### [ASSIGNMENT]
Restate all the lines below word for word, but omit the pictures.

### [GIVEN DATA]
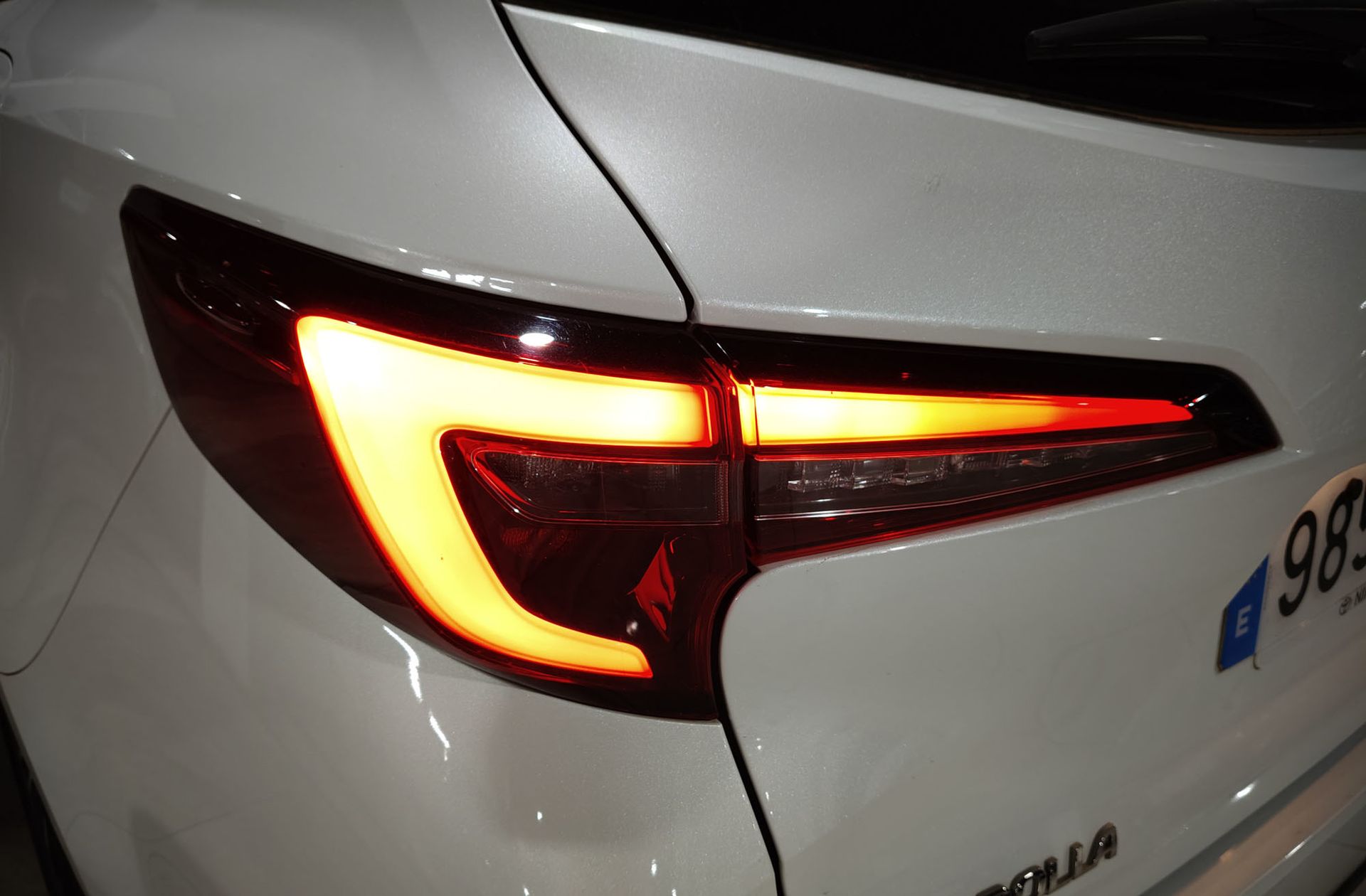 Toyota Corolla Touring Sports 140H Style - foto 18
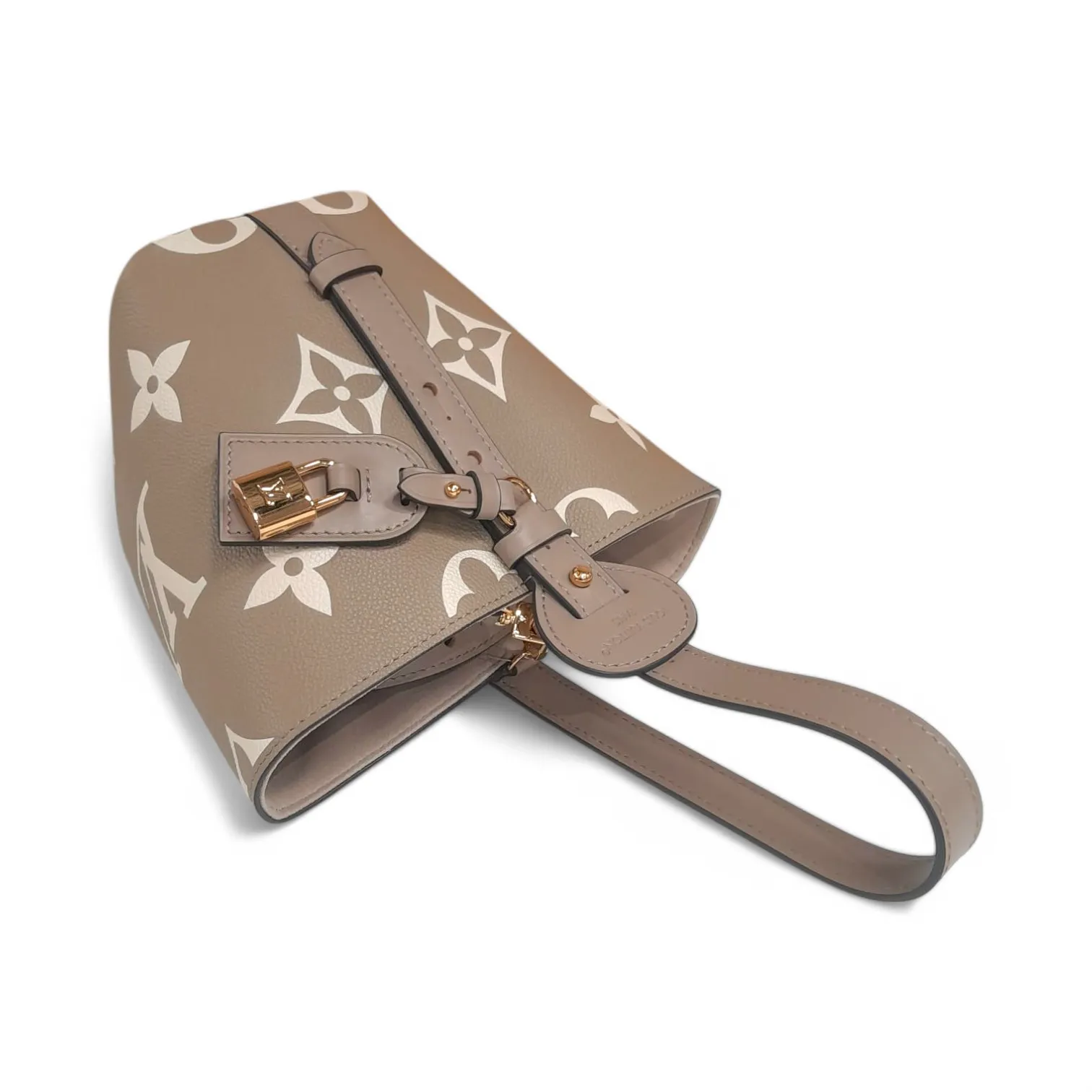 Сумка  LOUIS VUITTON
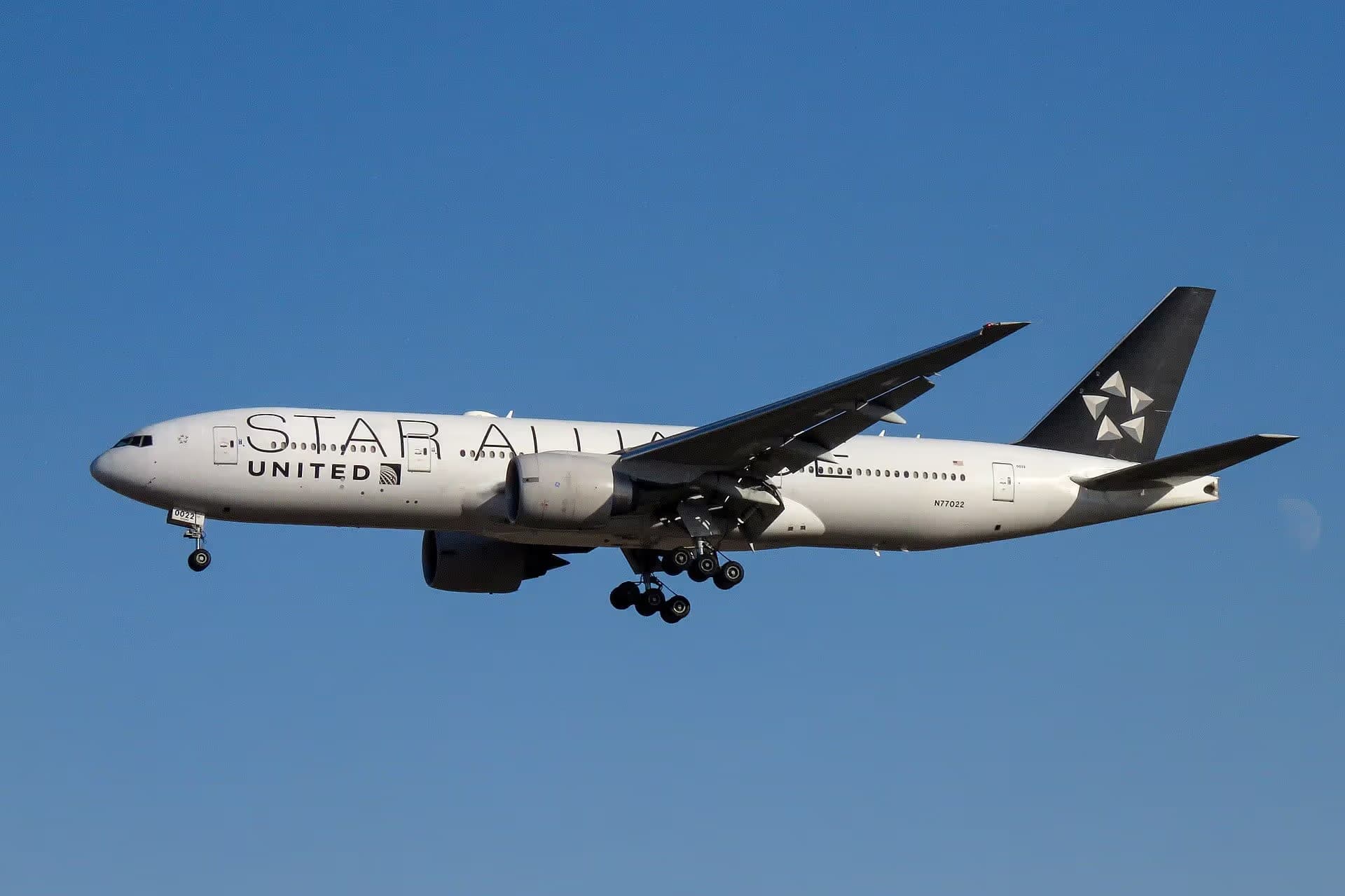 N77022 — Boeing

### [WRITTEN RESPONSE]
 Toyota Corolla Touring Sports 140H Style - foto 18
 Сумка  LOUIS VUITTON
 N77022 — Boeing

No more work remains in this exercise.